Ponderando os novos dados avançados em Os Painéis de Nuno Gonçalves, pode reconhecer-se que o vaticínio de Cook se cumpriu: o problema era afinal resolúvel.

Retrospetivamente, suspeita-se que a não consideração de uma data tão recuada para a execução do políptico terá constituído ao longo das últimas décadas o maior entrave para a sua compreensão. Adriano de Gusmão, bom conhecedor da nossa Escola de Pintura e, certamente, um dos mais lúcidos críticos da temática, não terá beneficiado desse grau de liberdade intelectual. Assim, confira-se o seguinte juízo feito por este autor: «Prejudicou fundamentalmente toda a sua boa tentativa, ter o Dr. José Saraiva partido do ano de 1445 – que supôs decifrar sob a rubrica do pintor [Gusmão refere um vestígio ilegível abaixo do monograma, sendo este último uma segunda marca autoral aposta na bota de D. Duarte e já reconhecida por José de Figueiredo] – para a identificação das figuras pintadas no Políptico».

Ao não aceitarem a priori uma constrição cronológica, imposta por supostos critérios estilísticos – o que poderia denotar falta de sofisticação, se não mesmo ingenuidade – os autores de Os Painéis de Nuno Gonçalves beneficiaram da visão fresca que frequentemente é o singelo apanágio dos novatos.

No entanto, quem hoje tentar, ao fim de um século de controvérsias, preservar a limpidez da abordagem de Cook arrisca-se a incorrer em censura académica. Assim, confiram-se as declarações do Professor Fernando António Baptista Pereira prestadas ao JL, Jornal de Letras, Artes e Ideias, por ocasião do colóquio ‘Nuno Gonçalves, Novas Perspetivas’, organizado em 3 e 4 de dezembro de 2010 pela Faculdade de Belas-Artes da Universidade de Lisboa, em estreita colaboração com a Academia Nacional de Belas-Artes e com o MNAA:

 

Entrevistador – Mas ficam de fora especulações sobre quem é quem nos painéis…

F. A. Baptista Pereira – Fundamentalmente não se pretende continuar a discutir essas questões que hoje em dia não têm qualquer sentido. Quem está representado, as identificações das personagens, o que é ou não é São Vicente, tudo isso são, para mim, problemáticas do passado. Aliás, todos os investigadores que fazem parte deste colóquio são unânimes em considerar que estamos diante do que resta do retábulo de São Vicente da Sé de Lisboa. Esse é um assunto que não merece polémica.

No decurso desse colóquio, a discussão da inscrição no botim do jovem adolescente, ou foi omissa, ou foi então referida de forma verdadeiramente fugidia, senão mesmo escarnecedora por um ou outro dos académicos intervenientes.
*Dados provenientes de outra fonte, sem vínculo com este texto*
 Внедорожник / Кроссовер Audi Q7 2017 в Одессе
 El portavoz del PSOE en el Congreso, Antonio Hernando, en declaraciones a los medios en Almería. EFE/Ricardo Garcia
Como poderá assim aceitar-se o carácter genuíno do seguinte propósito, recolhido da mesma entrevista?

 

Entrevistador – Não interessam mais conjeturas, mas olhar a própria pintura?

F. A. Baptista Pereira – É isso mesmo. Não interessa insistir em delírios, mas abordar as questões concretas que estão debaixo dos nossos olhos.

 

Apesar de o desejo de alguma ortodoxia académica ser, tal como as afirmações acima demonstram, o de aprisionar a discussão da temática dos Painéis dentro de um círculo encantado, a verdade tem força inquebrantável e, mais cedo ou mais tarde, irromperá, forçando o debate a extravasar das baias que lhe têm sido impostas, com a conivência, é forçoso reconhecê-lo, da Cultura institucional portuguesa.
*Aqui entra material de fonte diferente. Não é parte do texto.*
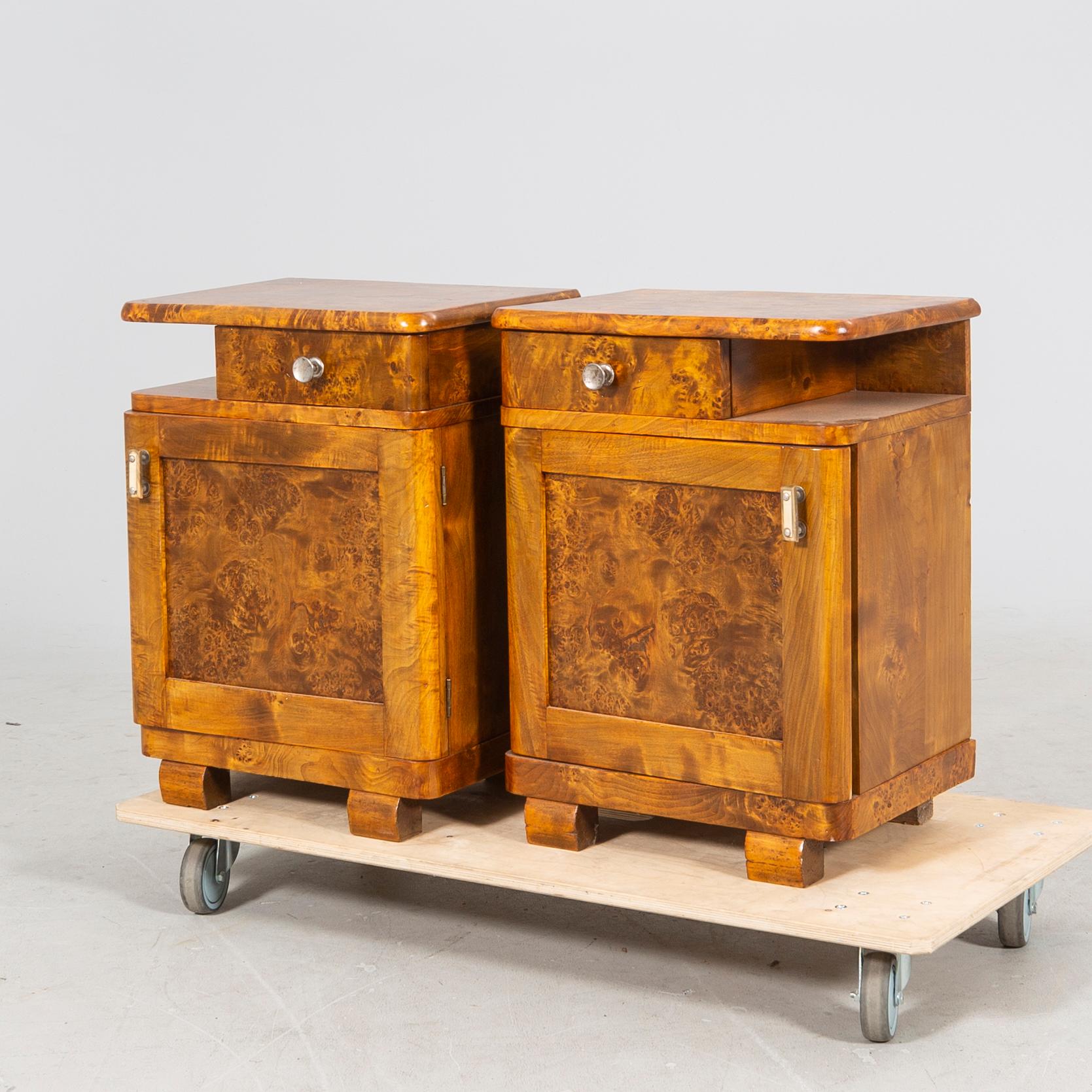 A pair of Art Deco 1930/40s root veneer bedside tables.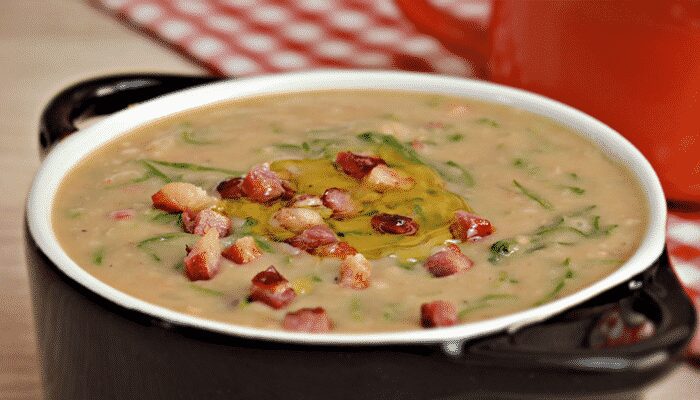 Saboroso Caldinho de feijão com bacon. Você vai amar!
Com efeito, é a Cook que a razão assiste, pois, obviamente, a análise iconográfica do políptico – um retrato de grupo – deve ir de par com a tentativa de identificação das principais personagens nele figuradas. Este desígnio, que constitui a outra face do desejo de saber o que representa a pintura, permanece tão legítimo em 2016 como em 1909 e não deve ser considerado risível ou ficar desacreditado pelas tentativas frustradas acumuladas por tantos autores no passado. Além disso, o desígnio viu a sua viabilidade reforçada pelo reconhecimento da data de 1445. A escassez de fontes iconográficas credíveis (que não a sua inexistência: cf. a iluminura henriquina do Códice de Zurara) impõe que se lhes conceda toda a atenção, em inferências onde a intuição histórica e artística seja disciplinada pelo rigor lógico. E a clareza de propósitos providenciou uma recompensa: a plausibilidade de identificar os filhos de D. João I, aqueles mesmos que Camões designou de «Ínclita Geração», entre os principais retratados no políptico.

O assunto dos Painéis não deve ser ‘couto privado’ dos historiadores de arte, tanto mais que o método comparativo, que é a ferramenta essencial da disciplina, teria de revelar-se de difícil aplicação no caso – basta reconhecer que toda a pintura portuguesa do século XV conhecida não consegue preencher as paredes de uma sala de museu. Em compensação, o Políptico de S. Vicente de Fora é um quadro histórico que merece a qualquer estudioso da Idade Média Portuguesa uma análise tão aturada como a das Crónicas de Fernão Lopes, de Zurara ou de Rui de Pina. Algumas das mais certeiras considerações sobre os Painéis foram feitas por ensaístas ou por historiadores, que não de arte: José Saraiva era um professor de História, fascinado pela possibilidade de que o grande Fernão Lopes figurasse no políptico; o seu filho António José Saraiva era um historiador da Cultura (merece leitura o seu curto texto de 1988, ‘Os Painéis Enigmáticos’); Vitorino Magalhães Godinho inseria-se numa corrente historiográfica próxima da Sociologia; Jorge de Sena era um universalista. Nenhum deles se refugiou no seu hortus inclusus. Afoitos, de espírito livre, todos deram contributos interessantes para a Questão do Painéis que, não sendo o ‘umbigo’ da História da Arte Portuguesa, é, contudo, um assunto suficientemente central da nossa Cultura para exigir um tratamento esclarecido.

 

Este é o segundo texto, de uma série de três, sobre os Painéis de Nuno Gonçalves.